El Estoque

Response to motivational speaker once dubbed ‘world’s ugliest woman’ reveals disproportionate focus on beauty

Eva Spitzen

[youtube link=”http://www.youtube.com/watch?v=c62Aqdlzvqk” width=”400″ height=”315″]

Lizzie Velasquez is one of three people in the world known to suffer from Neonatal Progeroid Syndrome, a condition that causes her to have zero percent body fat. In high school, she came across a YouTube video that described her as the “World’s Ugliest Woman.” The video gained millions of views, and many people posted rude and hurtful comments.

In December of 2013, Velasquez gave a TED Talk telling her story, in which she described her resolution to disregard bullies’ comments. In response, online publications have praised her positive attitude, commending her for encouraging people to find beauty in everyone.
Her story is inspiring and the response to it has been encouraging — but that doesn’t mean that we can accept Velasquez’s message blindly without considering its implications.

Much of Velasquez’s platform revolves around redefining beauty. Her Tumblr is entitled “Lizzie Beautiful” and her book is entitled “Be Beautiful, Be You.” The press has mirrored this vernacular — the Today Show titled a story about Velasquez “The Beauty that Lies Within”. The concept of beauty is a nice foil to the title of “ugly” that Velasquez’s bullies formerly used, but a campaign revolving around self-acceptance and motivation shouldn’t be centered exclusively around beauty. After all, there are many more important, meaningful traits that define people — intelligence, compassion and dedication, to name a few. Rather than focusing on redefining beauty, Velasquez should use her inspiring story to encourage people to disregard conventional standards of beauty altogether. Similarly, we as receivers of her message should praise Velasquez not for her beauty, but for her valuable lesson.

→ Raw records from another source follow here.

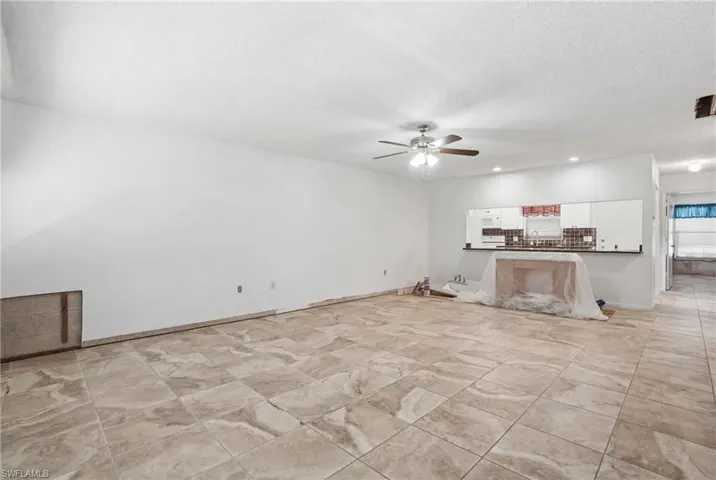 Unfurnished living room featuring a ceiling fan, recessed lighting, and a textured ceiling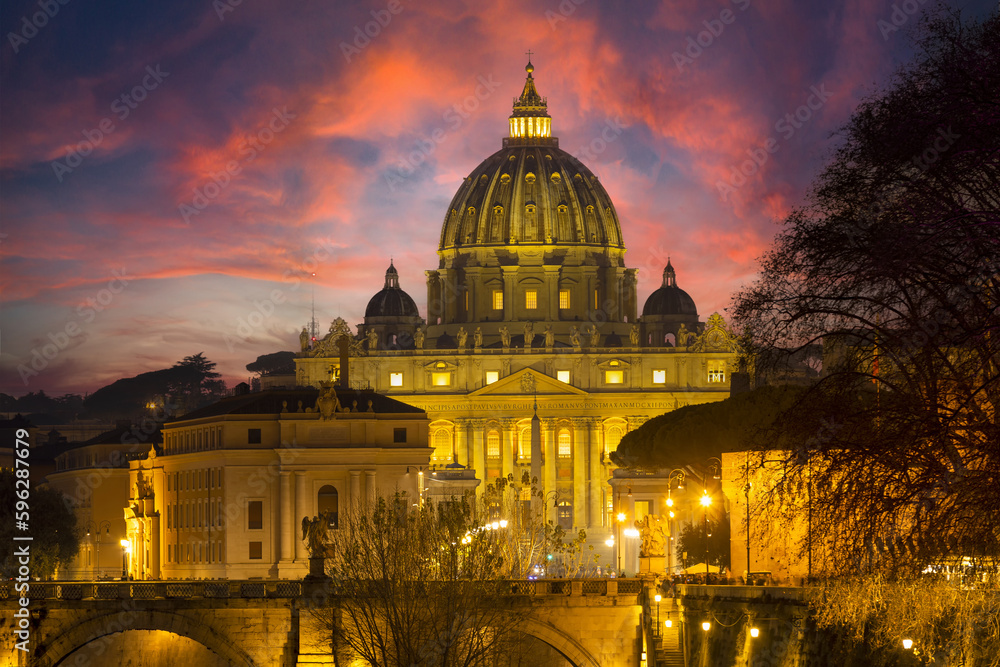 Fototapeta premium Romantic photo of St. Peter's basilica in the Vatican at sunset with red and fiery clouds. Church symbol of the religion of Christianity, home of Pope Francis. Rome Italy Europe Unesco heritage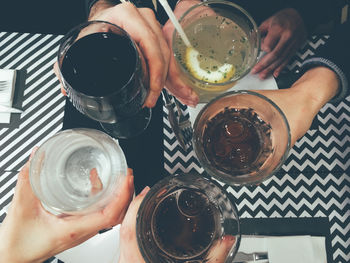 Cropped image of hands holding drink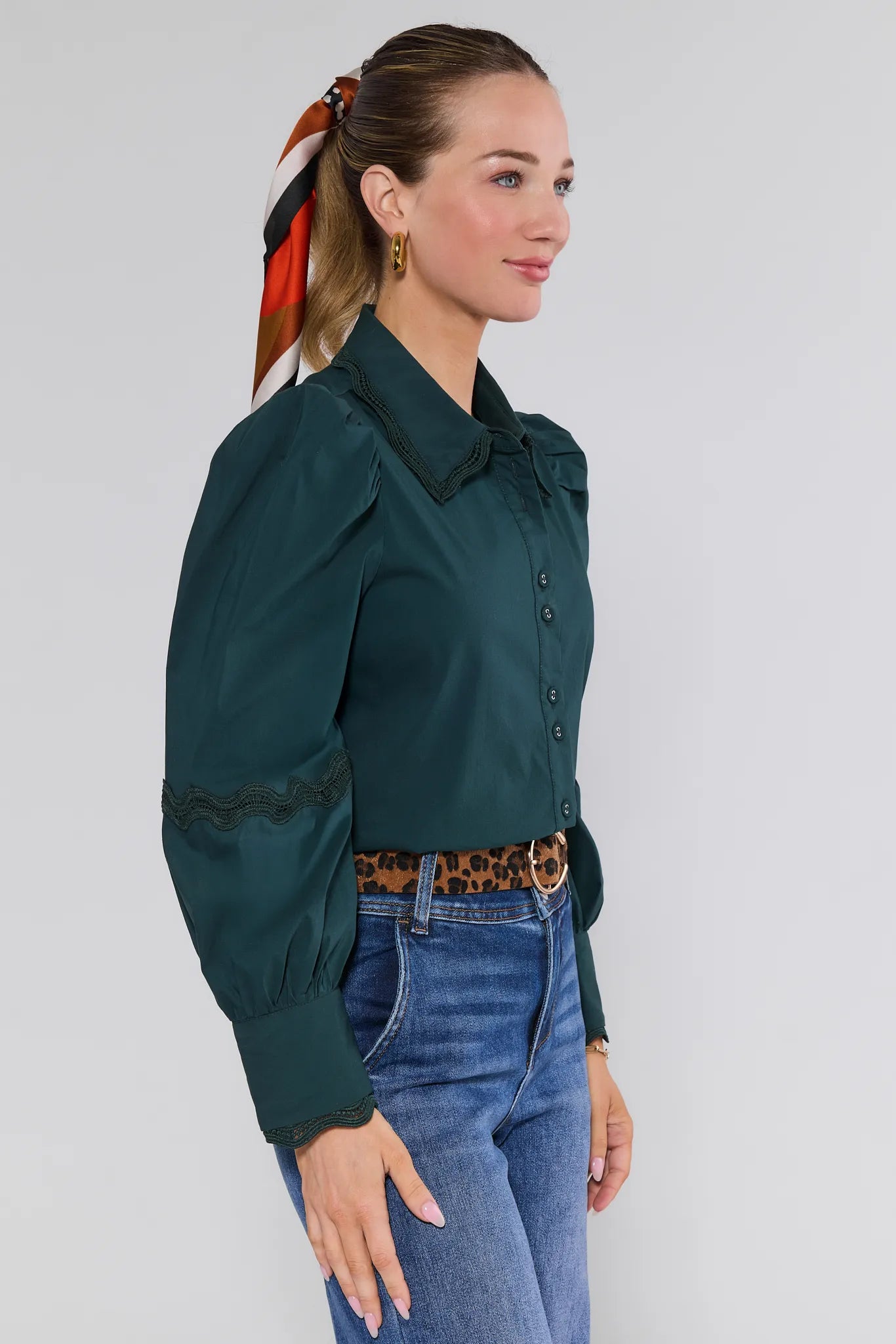 Woman wearing a dark green Ellis Top and blue jeans with a white background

It’s very possible that this disproportionate focus on beauty is due to Velasquez’s gender. If Velasquez had been a male rather than a female, it’s likely that “beautiful” wouldn’t have been the first adjective that came to mind. While we can’t deny the merit in redefining physical beauty, the disproportionate focus on outward appearance is an issue. This wouldn’t be the first time that media automatically turn to evaluations of beauty for female public figures. Hillary Clinton was notoriously criticized for her makeup and fashion choices throughout her term as Senator and while running for President, and well-known CNBC news anchor Maria Bartiromo was deemed “Money Honey” by paparazzi because she was the first woman to broadcast live from the New York Stock Exchange. Again, the idea of redefinition of physical attractiveness is a good one, but focusing on it entirely encourages the idea that the best trait a woman can possess is physical beauty.

The idea that we should redefine beauty as reflecting inner traits definitely has merit, and Velasquez’s message goes a long way in pointing out flaws in society’s current definition of physical attractiveness. However, we should go beyond redefining physical beauty and realize that other, more important traits, have a much more significant influence on how we define ourselves.